Donc concernant l’aspect sportif, Chelsea coche toutes les cases de la liste de Kerr. Et au niveau de l’exposition qu’elle désire, l’Angleterre semble aujourd’hui être l’une des plateformes les plus idéales pour se faire reconnaître. A moins de deux ans de l’Euro qui aura lieu là-bas, la popularité du football féminin ne cesse de grimper à une vitesse impressionnante. Cela s’est clairement vu pendant la Coupe du monde cet été avec une ferveur populaire sans précédent autour des Lionesses. Même après, lorsque 77.768 supporters ont rempli les tribunes de Wembley pour assister au match amical entre l’Angleterre et l’Allemagne au début du mois de novembre. Pareil pour les 38.262 supporters venues encourager Tottenham et Arsenal à l’occasion du « North London Derby. » L’arrivée de Kerr ne fera qu’attirer plus de monde dans les stades de WSL.
Le petit plus, et dernier aspect positif non négligeable dans le fait d’avoir choisi une équipe anglaise, est que l’Australienne ne devra pas faire face à la barrière de la langue. En parlant Anglais avec le staff et ses coéquipières, sa langue natale, l’Australienne parviendra à s’intégrer plus rapidement à l’équipe et à son nouvel environnement pour tout de suite se concentrer sur l’aspect sportif.

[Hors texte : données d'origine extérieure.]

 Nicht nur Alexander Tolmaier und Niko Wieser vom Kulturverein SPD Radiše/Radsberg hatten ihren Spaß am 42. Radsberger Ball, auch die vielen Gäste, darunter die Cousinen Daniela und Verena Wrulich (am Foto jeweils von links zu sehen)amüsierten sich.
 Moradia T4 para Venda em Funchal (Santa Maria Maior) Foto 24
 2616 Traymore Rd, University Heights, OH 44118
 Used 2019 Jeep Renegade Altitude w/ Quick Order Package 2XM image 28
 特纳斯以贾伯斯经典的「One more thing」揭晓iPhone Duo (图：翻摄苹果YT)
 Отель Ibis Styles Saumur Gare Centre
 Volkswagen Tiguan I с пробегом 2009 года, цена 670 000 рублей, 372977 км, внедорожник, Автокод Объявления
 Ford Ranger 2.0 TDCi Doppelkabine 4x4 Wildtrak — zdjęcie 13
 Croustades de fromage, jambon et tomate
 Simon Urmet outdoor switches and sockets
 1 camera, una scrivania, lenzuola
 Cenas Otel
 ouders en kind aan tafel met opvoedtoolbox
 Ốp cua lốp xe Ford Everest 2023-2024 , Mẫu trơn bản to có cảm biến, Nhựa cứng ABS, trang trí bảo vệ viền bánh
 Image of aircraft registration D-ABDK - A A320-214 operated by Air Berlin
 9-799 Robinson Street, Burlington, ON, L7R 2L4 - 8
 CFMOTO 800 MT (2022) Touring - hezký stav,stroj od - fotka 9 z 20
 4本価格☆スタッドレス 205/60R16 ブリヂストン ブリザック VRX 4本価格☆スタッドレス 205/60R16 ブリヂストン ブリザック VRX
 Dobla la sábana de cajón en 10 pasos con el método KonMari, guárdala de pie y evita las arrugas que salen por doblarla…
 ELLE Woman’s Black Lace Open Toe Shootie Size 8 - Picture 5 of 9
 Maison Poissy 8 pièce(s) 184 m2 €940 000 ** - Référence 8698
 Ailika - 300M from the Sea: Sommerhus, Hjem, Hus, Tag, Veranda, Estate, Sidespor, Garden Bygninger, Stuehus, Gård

Chaque médaille a son revers. Et celle de Chelsea vient justement du fait que l’équipe n’est pas encore au niveau de Wolfsburg, du PSG ou surtout de Lyon sur la scène Européenne. L’équipe n’a jamais disputé la moindre finale dans la compétition. La saison dernière, les Blues ont cédé en demi-finale de Ligue des Champions face à l’OL, et en terminant 3ème de leur championnat, elles n’ont pas décroché de place pour l’édition 2019-2020. Si Sam Kerr veut enfin inscrire son nom au palmarès du Ballon d’Or, remporter le championnat Anglais ne suffira pas. Ce qu’il lui faut, c’est une Ligue des Champions.